Test with a small set of data first and remove emissions data that produces errors. You can remove data in bulk directly in the emissions form or from the Microsoft Power Apps.
Observe conversion units based on activity and model units because missing conversions will cause errors during import.
Models – Formula-in-action
After your emission factors and other reference data are in place, you can start to design the calculations that you’ll use to calculate the emissions that are produced by your activity data. The setup of the calculations breaks down into two concepts: factors mappings and calculation models.
Another common example that many organizations will use is a model of Scope 2 emissions from purchased electricity. In other words, the amount of carbon, methane, and other gases that an organization emits by using electricity that’s generated by coal or natural gas-powered power plants.
You can build this model in three steps:
Determine the amount of electricity that the organization has purchased.
Determine emission factors, which will be datasets on the power-generation mix-in relevant regions and times of day.
Calculate emissions in the profile.
You might have to repeat some milestones and steps many times to enable all scenarios. However, you should focus on enabling one scenario first.

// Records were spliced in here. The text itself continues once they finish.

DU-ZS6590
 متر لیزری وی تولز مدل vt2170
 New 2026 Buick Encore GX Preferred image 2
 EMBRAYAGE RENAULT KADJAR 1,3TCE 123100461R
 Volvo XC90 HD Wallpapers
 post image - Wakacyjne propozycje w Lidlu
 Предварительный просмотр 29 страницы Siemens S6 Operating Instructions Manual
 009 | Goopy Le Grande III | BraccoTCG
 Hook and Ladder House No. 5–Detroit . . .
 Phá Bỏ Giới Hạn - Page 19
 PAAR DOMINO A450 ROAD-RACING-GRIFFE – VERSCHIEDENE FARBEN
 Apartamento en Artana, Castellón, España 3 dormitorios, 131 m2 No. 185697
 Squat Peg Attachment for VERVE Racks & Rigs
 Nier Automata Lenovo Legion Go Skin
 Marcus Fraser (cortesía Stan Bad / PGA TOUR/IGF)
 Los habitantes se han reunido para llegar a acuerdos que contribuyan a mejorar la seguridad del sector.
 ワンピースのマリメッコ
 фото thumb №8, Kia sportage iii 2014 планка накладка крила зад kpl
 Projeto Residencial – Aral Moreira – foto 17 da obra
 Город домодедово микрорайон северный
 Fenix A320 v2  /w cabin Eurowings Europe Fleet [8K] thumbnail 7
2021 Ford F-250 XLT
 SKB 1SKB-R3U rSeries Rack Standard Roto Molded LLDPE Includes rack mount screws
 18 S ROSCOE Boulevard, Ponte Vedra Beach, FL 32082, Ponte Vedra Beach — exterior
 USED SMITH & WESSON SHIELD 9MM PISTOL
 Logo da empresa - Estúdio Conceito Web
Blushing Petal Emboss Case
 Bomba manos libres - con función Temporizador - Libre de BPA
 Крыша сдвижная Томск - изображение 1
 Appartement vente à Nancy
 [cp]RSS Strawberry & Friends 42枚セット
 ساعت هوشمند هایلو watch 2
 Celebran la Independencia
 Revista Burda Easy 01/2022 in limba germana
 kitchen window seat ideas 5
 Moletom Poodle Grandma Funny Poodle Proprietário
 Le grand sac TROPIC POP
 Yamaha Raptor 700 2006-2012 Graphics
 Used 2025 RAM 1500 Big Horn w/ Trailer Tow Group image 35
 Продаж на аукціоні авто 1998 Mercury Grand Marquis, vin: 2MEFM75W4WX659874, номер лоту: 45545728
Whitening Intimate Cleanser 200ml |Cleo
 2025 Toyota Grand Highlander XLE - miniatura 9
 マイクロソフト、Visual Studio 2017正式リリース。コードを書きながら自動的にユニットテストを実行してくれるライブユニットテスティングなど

For example, if you decide to begin calculating emissions for purchased electricity under Scope 2, then you’ll follow the whole configuration process once to bring in the reference data that’s connected to that activity (including contractual instrument types, if they’re applicable) and to bring in the models, emission factors, profiles, and so on. Then, you’ll view the results of this process in the automatically generated analysis reports. By observing the end-to-end process in action with minimal data, you can expand your solution for other sources of emissions. Start simple and keep expanding.
Steps to build a model
Now that you’ve learned about the basics of what a model is and where it sits within the calculation, you can build a model.
Always start the model by defining the source, which means the source of the emissions. In this example, you’ll use activity data for Purchased Electricity.
Some fields are mandatory in these formula descriptions. A flag will appear next to the source if fields are incomplete. These fields will document important references for the formulas, so the information is available to everyone.
Part of setting up the action involves defining the steps. Different calculation method nodes are available to the user. Each node has specific purposes to build robust calculations, as described in the following table.
Calculation method nodes | Purpose |
---|---|
Calculation | Calculation directly done in the formula without the need to consume emission factors from the library. Rather, the output is stored on a defined variable. |
Report | Calculation using emission factors from the library dynamically, based on the context that’s defined. You can use an output value from a previous calculation. Market-based can be flagged so that analytics will consider this emission. |
Report gas | This method doesn’t use the factor library. It calculates greenhouse gases by using global warming potential (GWP). |
Estimation factors | This node is a combination of the calculate and report nodes. In this node, you’ll collect activity data, apply an estimation factor to convert the data, and then store the output in a variable. This variable can be pulled into the report node to calculate emissions. It enables you to calculate real activity data from proxy data, such as converting square footage to kwh. |
You can use these methods together to create complex formulas.
Different data requires different calculations, even within one calculation model. This scenario is where you can create a condition. This juncture in the formula is where you can create a true/false decision path. You can enable multiple scenarios for each calculation model with conditions. These decision paths add nodes to your formulas and make calculations flexible based on real activity data.